Stacks & Queues - Comprehensive Study Guide

🔥 Stacks - LIFO (Last In, First Out)

What is a Stack?

A Stack is an Abstract Data Type (ADT) that stores arbitrary objects following the Last-In First-Out (LIFO) principle. Think of it like a spring-loaded plate dispenser - the last plate you put on top is the first one you take off!

Stack Visualization

d (top)

↓

a (bottom)

LIFO: Element 'd' was inserted last, so it will be removed first

                    🔑 Key Characteristics:
                    LIFO Ordering: Last element inserted is the first to be removed
Restricted Access: Can only access the top element
Dynamic Size: Grows and shrinks with push/pop operations

                

⚙️ Stack Operations

Main Operations

1. push(object) - Insert Element

Adds an element to the top of the stack

void push(E element);
// Inserts element at the top
// Updates size
                    

2. pop() - Remove and Return Element

Removes and returns the element at the top of the stack

E pop();
// Removes top element
// Returns the removed element
// Returns null if stack is empty
// Decrements size
                    

Auxiliary Operations

3. top() - Peek at Top Element

Returns the top element without removing it

E top();
// Returns top element without removing
// Returns null if empty
                    

4. size() - Get Stack Size

Returns the number of elements in the stack

int size();
// Returns number of elements
                    

5. isEmpty() - Check if Empty

Checks whether the stack contains any elements

boolean isEmpty();
// Returns true if stack is empty
                    

Stack Interface in Java

public interface Stack<E> {
    int size();
    boolean isEmpty();
    E top();
    void push(E element);
    E pop();
}
                

📊 Operation Example Walkthrough

Operation	Return Value	Stack Contents	Size
push(5)	—	(5)	1
push(3)	—	(5, 3)	2
size()	2	(5, 3)	2
pop()	3	(5)	1
isEmpty()	false	(5)	1
pop()	5	()	0
isEmpty()	true	()	0
pop()	null	()	0
push(7)	—	(7)	1
push(9)	—	(7, 9)	2
top()	9	(7, 9)	2
push(4)	—	(7, 9, 4)	3
pop()	4	(7, 9)	2

💻 Stack Implementation

Array-Based Stack Implementation

Concept

A simple implementation using an array where:

Elements are added from left to right
Variable t tracks the index of the top element
Initially, t = -1 (no elements yet)

Array Stack Structure

t = 2 (pointing to 'c', the top element)

Key Algorithms

size() Algorithm

Algorithm size()
    return t + 1
// Add 1 because index starts at 0
                    

pop() Algorithm

Algorithm pop()
    if isEmpty() then
        return null
    else
        t ← t − 1
        return S[t + 1]
// Decrement top pointer first
// Return element that was at top
                    

push(o) Algorithm

Algorithm push(o)
    if t = S.length − 1 then
        throw IllegalStateException
    else
        t ← t + 1
        S[t] ← o
// Check if array is full
// Increment top pointer
// Store element at new top
                    

Java Implementation

public class ArrayStack<E> implements Stack<E> {
    // Instance variables
    private E[] S;                  // Array for storage
    private int top = -1;         // Index of top element
    
    // Constructor
    public ArrayStack(int capacity) {
        S = (E[]) new Object[capacity];
    }
    
    public E pop() {
        if (isEmpty())
            return null;
        E temp = S[top];
        S[top] = null;           // Help garbage collection
        top = top - 1;
        return temp;
    }
}
                

⚠️ Limitations of Array-Based Stack

Fixed Size: Maximum size must be defined in advance
Space Waste: May allocate more space than needed
FullStackException: Throws exception when trying to push to full stack

🎯 Applications of Stacks

Direct Applications

🌐 Web Browser History

Browser's back button uses a stack to track visited pages.

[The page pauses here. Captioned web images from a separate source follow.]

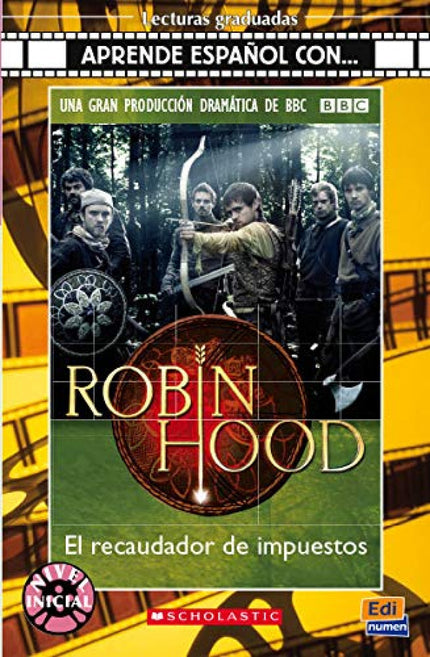 Libro Robin Hood: .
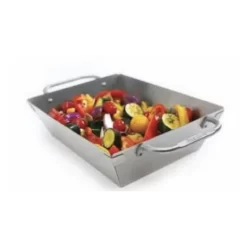 Panier à Legumes Profond Inox BROIL KING (Réf. 69818)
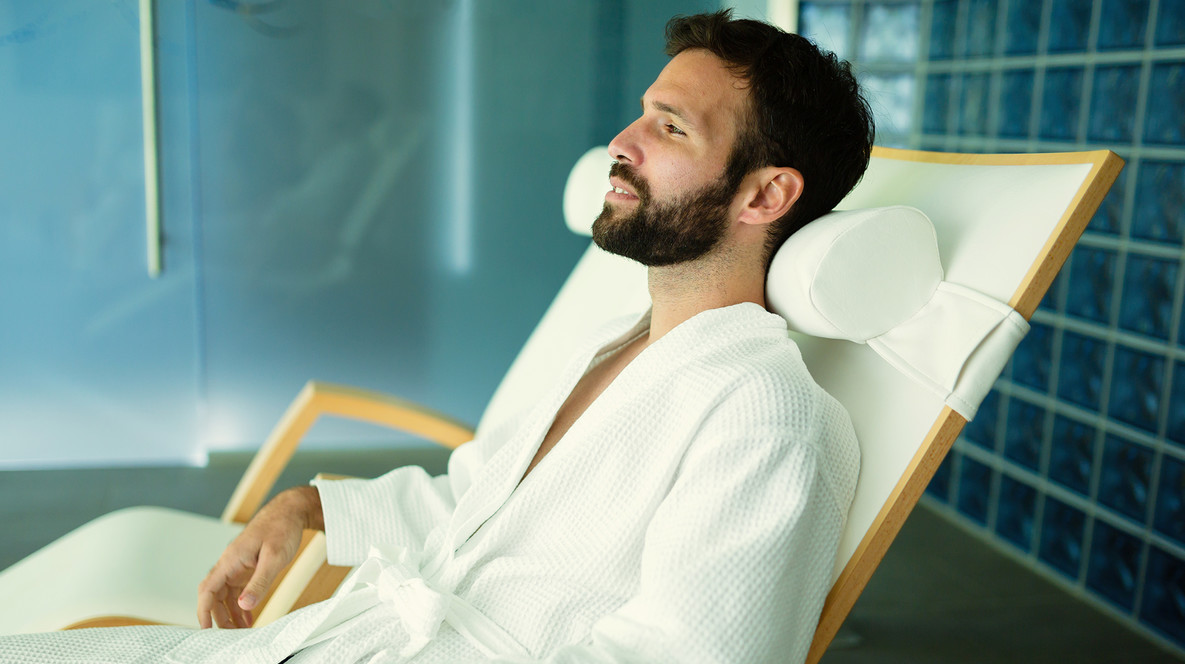 SPA догляд для тіла в готелі «Немо» Подарунки чоловіку на 40 років у Харкові - SPA догляд для тіла в готелі «Немо»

Most recent page is on top!

↩️ Undo Operations

Text editors use stacks to implement undo. Each action is pushed; undo pops the last action.

☕ JVM Method Calls

Java Virtual Machine uses a call stack to manage method invocations and returns.

🔄 Expression Evaluation

Evaluating arithmetic expressions and handling operator precedence.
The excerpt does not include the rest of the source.